Tuesday, April 3, 2012

lemon tarts


I've made a lot of lemon things lately.  Josh was so kind as to point that out to me, and seeing as he hates lemon, (and chocolate, another ingredient I've used a lot lately) I know he's going to be thrilled when I get off this lemon train.  But until then...

Ever since I made lemon curd the other week I've been really interested in trying another recipe and doing it again.  This time I used the recipe from joy of baking.  

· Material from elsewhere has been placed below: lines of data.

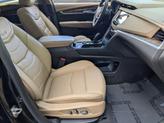 Thumbnail of 2024 Stellar Black Metallic Cadillac XT5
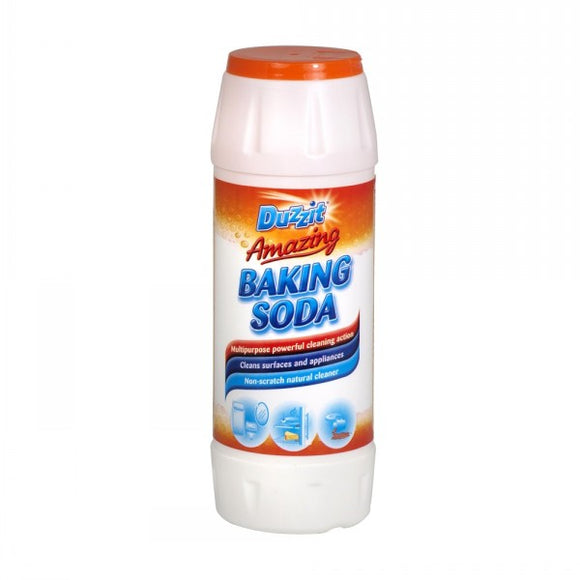 Duzzit Baking Soda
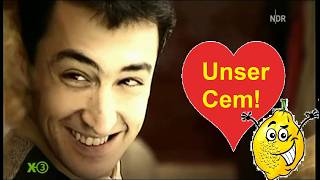 Cem Özdemir ist der BESTE kommende Ministerpräsident !! (Extra 3 Beitrag)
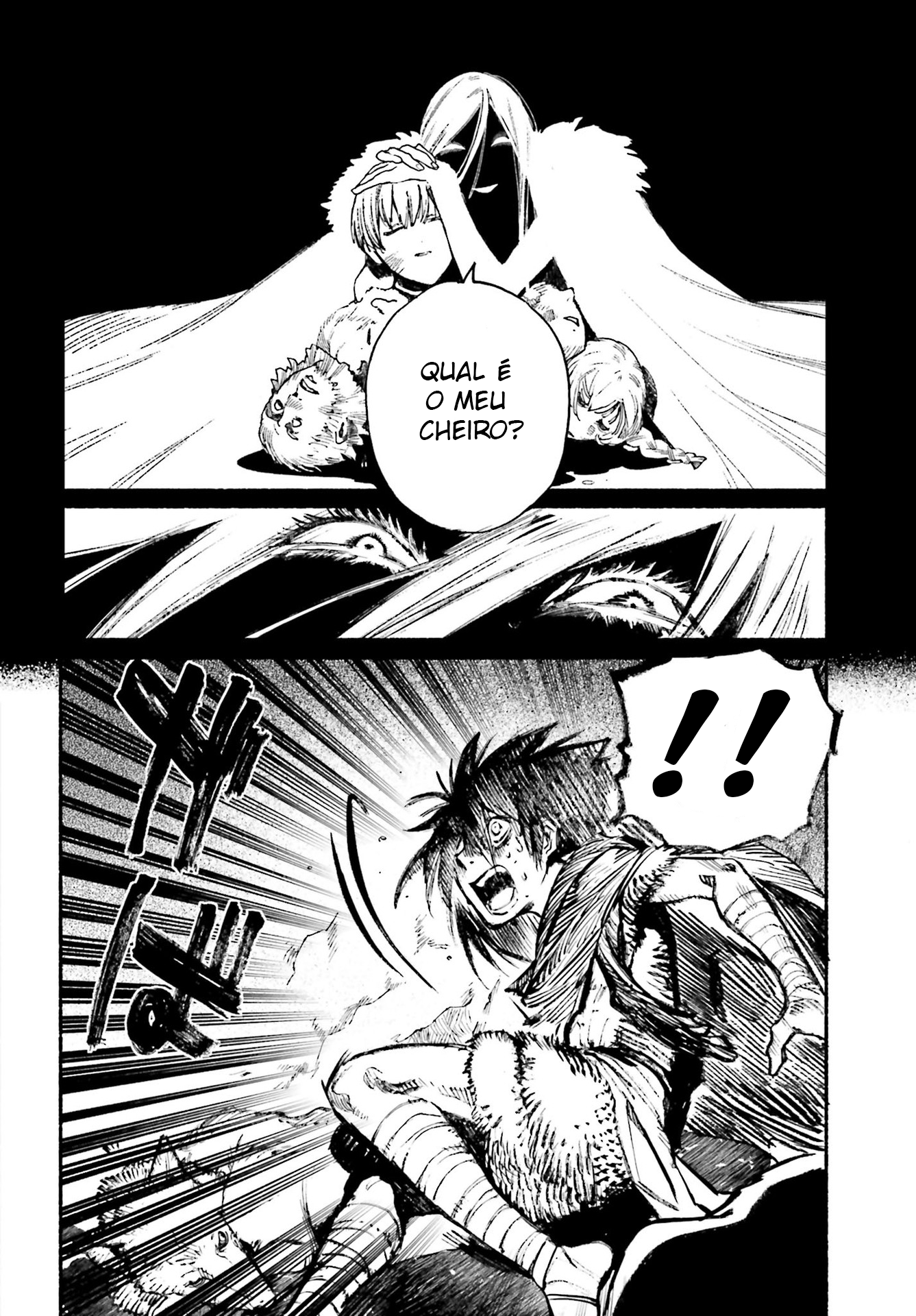 Odin no Shuusou Ch. 2 第23页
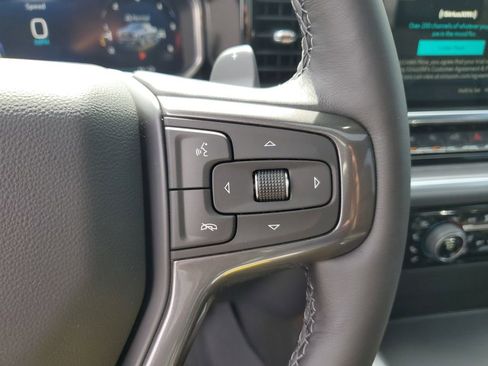 New 2026 Chevrolet Trax LT FWD image 22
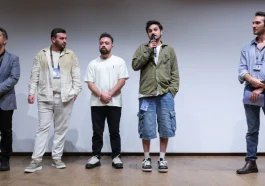 Altın Portakal'da belgesel, kısa film ve sinema okulları filmleri yoğunluğu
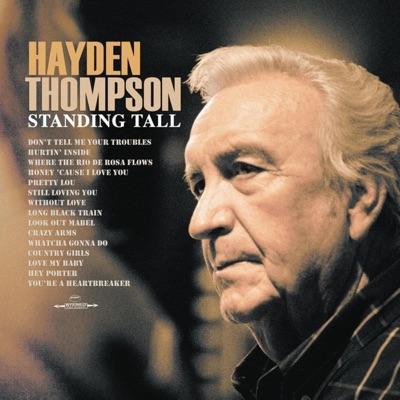  - Hayden Thompson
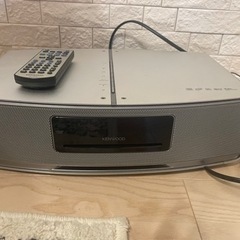 KENWOOD U-K323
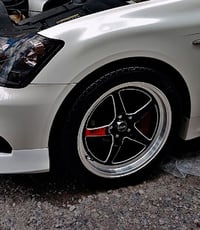 جنوط استيل • تبديل • مقاس واحد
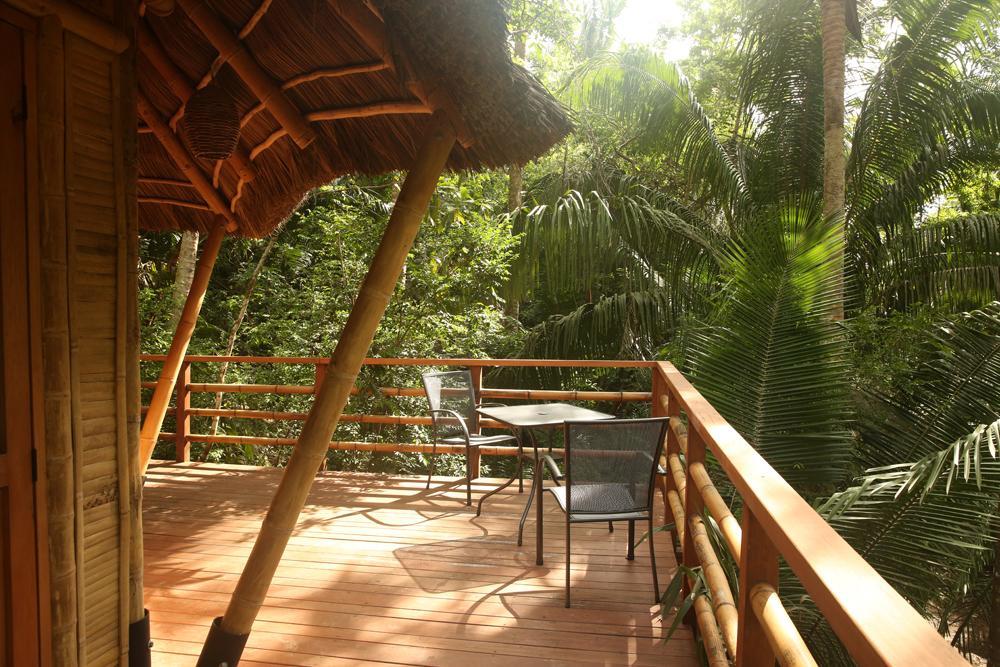Aldea Bamboo Village 샌프란시스코 외부 사진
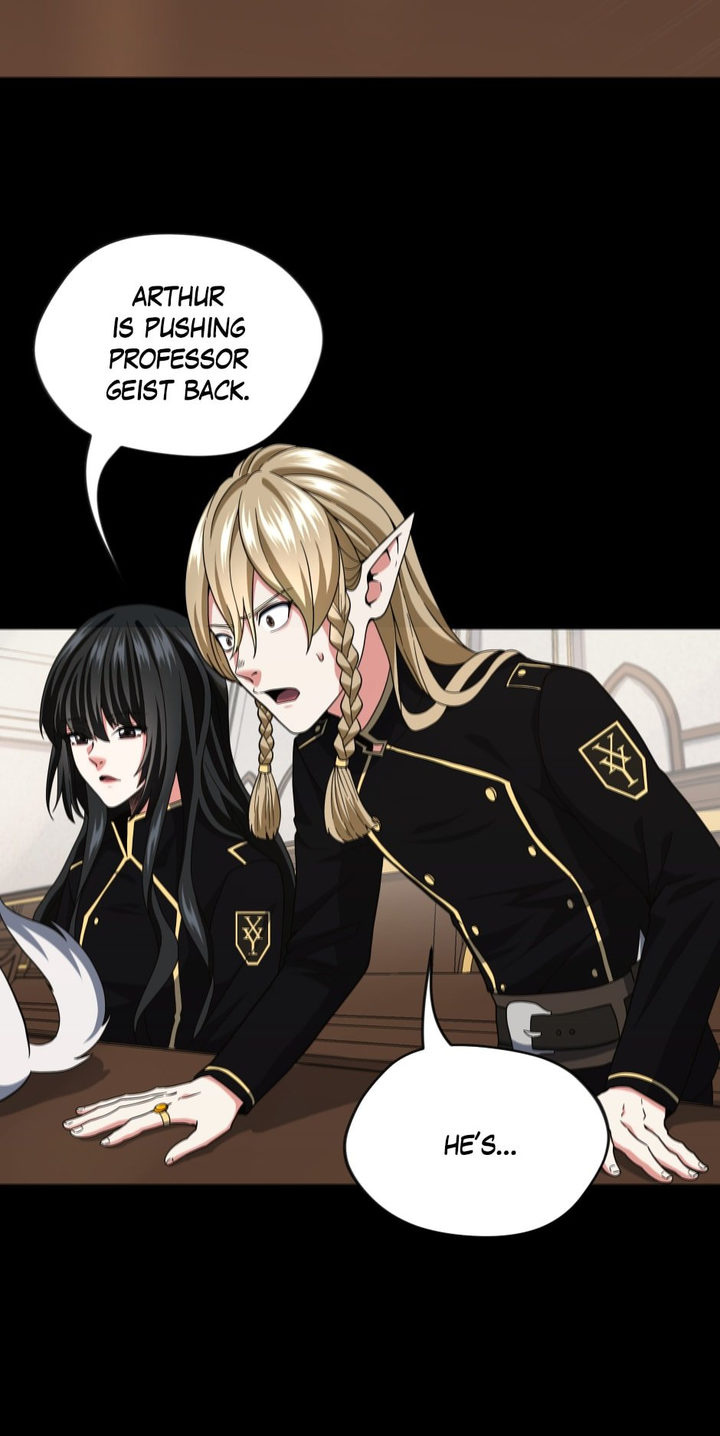 The Beginning After the End Chapter 94 - Page 47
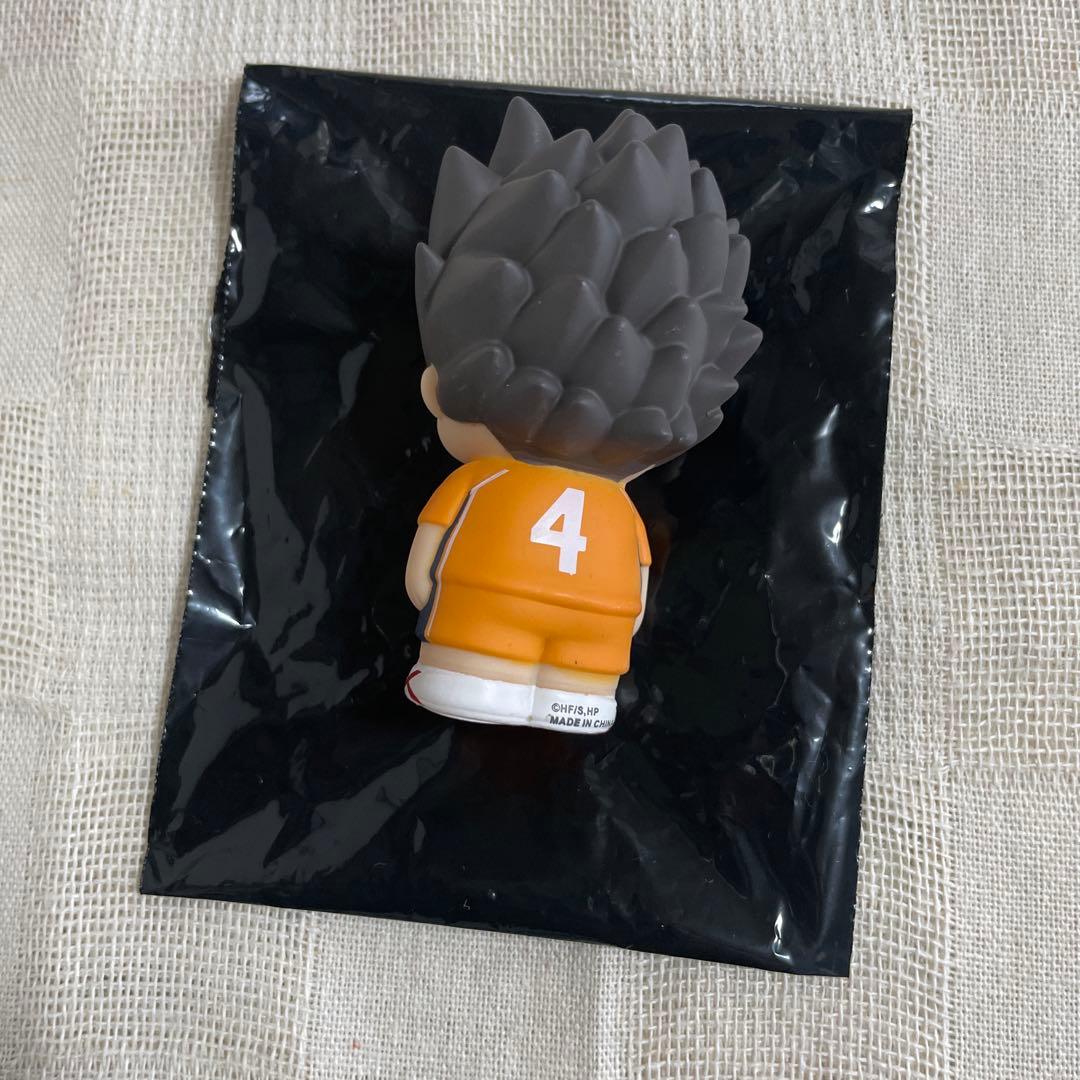 ハイキュー!! 西谷夕 ぱぺマス — image 2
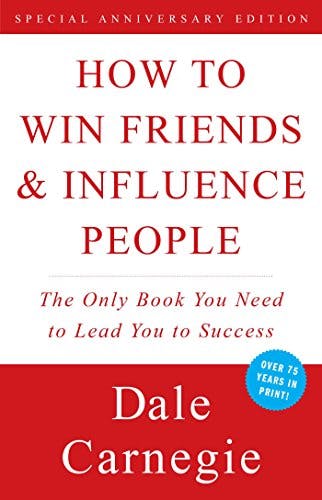How to Win Friends and Influence people media 1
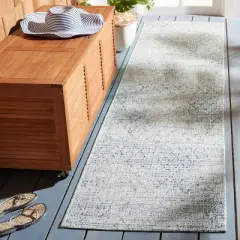 Courtyard CY8385 Power Loomed Indoor/Outdoor Area Rug  - Safavieh
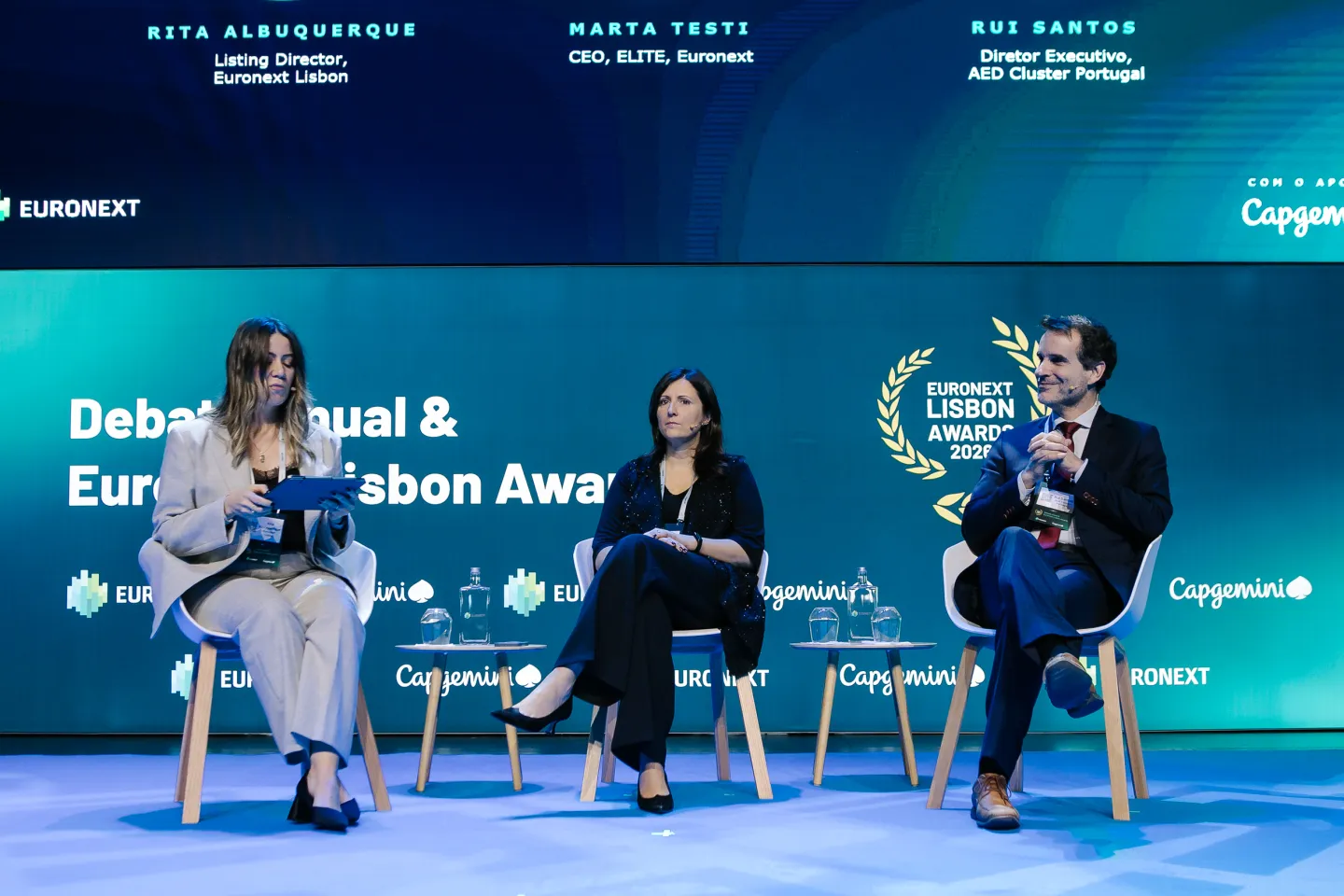 panel discussion awards 2026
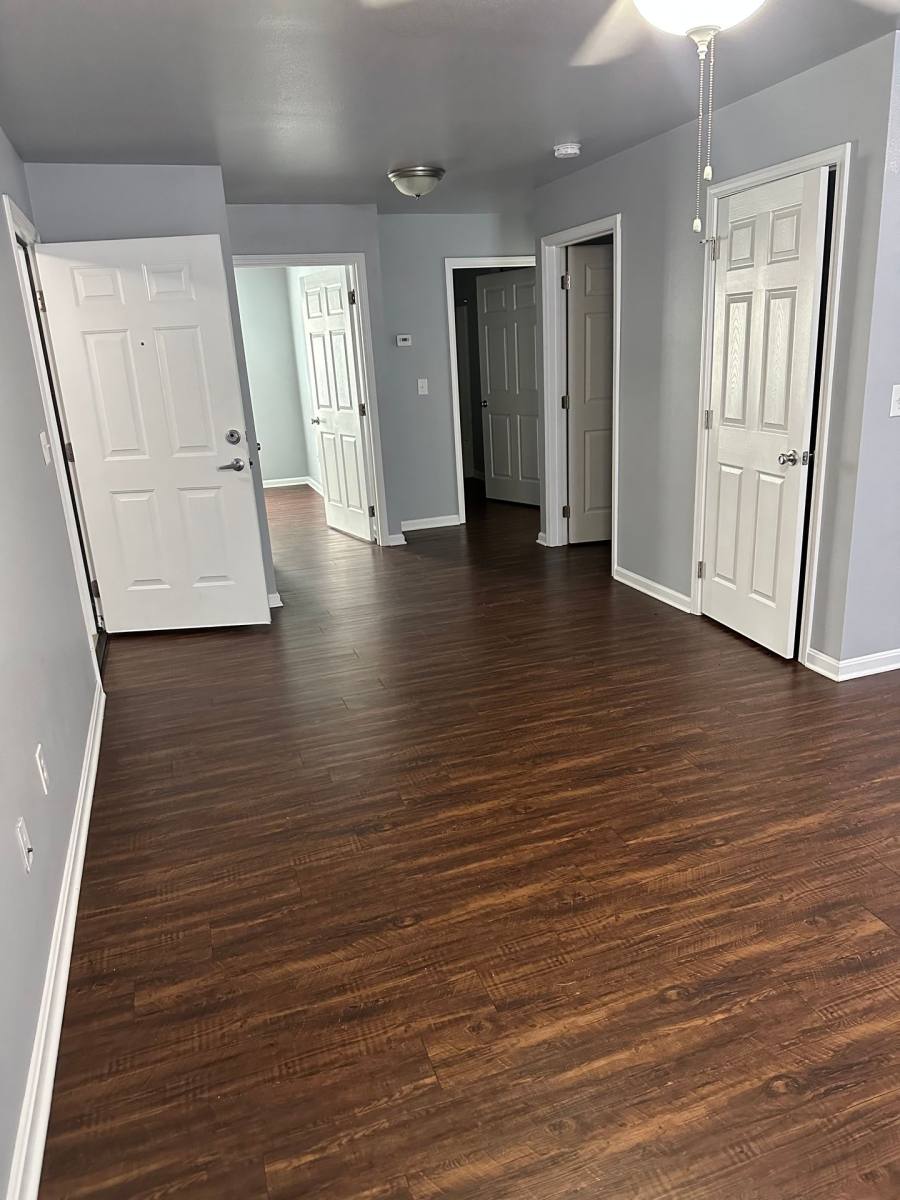 Apartment for rent at 48 W 800 S, Fort Branch, IN 47648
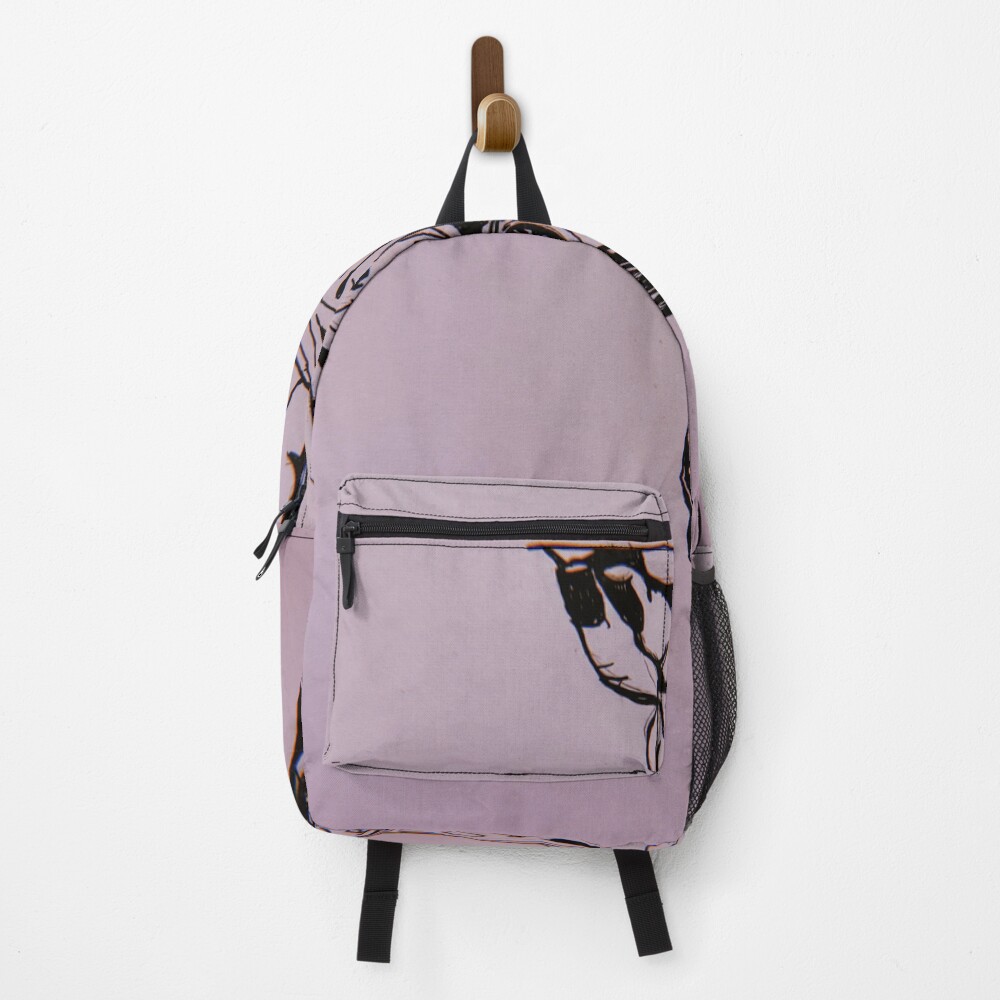 Item preview, Backpack designed and sold by Theyhatemyideas.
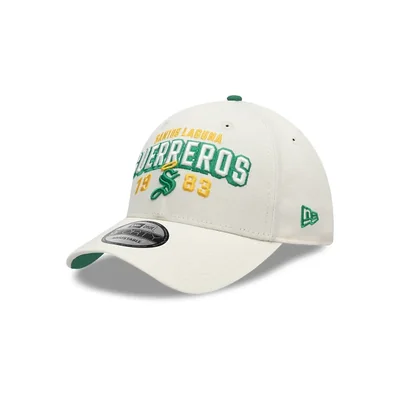 Santos Laguna LMX Wordmark 9FORTY Snapback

The end result was thicker and full of rich lemon flavour.  



Sweet Pastry Crust

1 1/2 cups (200 grams) all purpose flour
1/8 teaspoon salt
1/2 cup (113 grams) unsalted butter
1/4 cup (50 grams) granulated white sugar
1 large egg, lightly beaten


In a separate bowl, sift or whisk together the flour and salt. Place the butter in your electric mixer and beat until softened. Add the sugar and beat until light and fluffy. Gradually add the beaten egg, beating just until incorporated.  Add flour mixture all at once and mix just until it forms a ball. Don't overwork or the baked pastry will be tough. Flatten dough into disk, cover with plastic wrap, and refrigerate for 30 minutes or until firm.
 
Have ready 8 - 4 inch (10 cm) tart pans. Divide the pastry into 8 pieces and then, on a lightly floured surface, roll out each piece of pastry to fit the tart pans. The pastry should be about an inch larger than pan.
When the pastry is rolled to the desired size, place on top of the tart pan. Gently lay in pan and lightly press the pastry onto the bottom and up the sides of the pan. Roll your rolling pin over the top of the pan to get rid of excess pastry. Cover and freeze for about 30 minutes to chill the butter and to rest the gluten. 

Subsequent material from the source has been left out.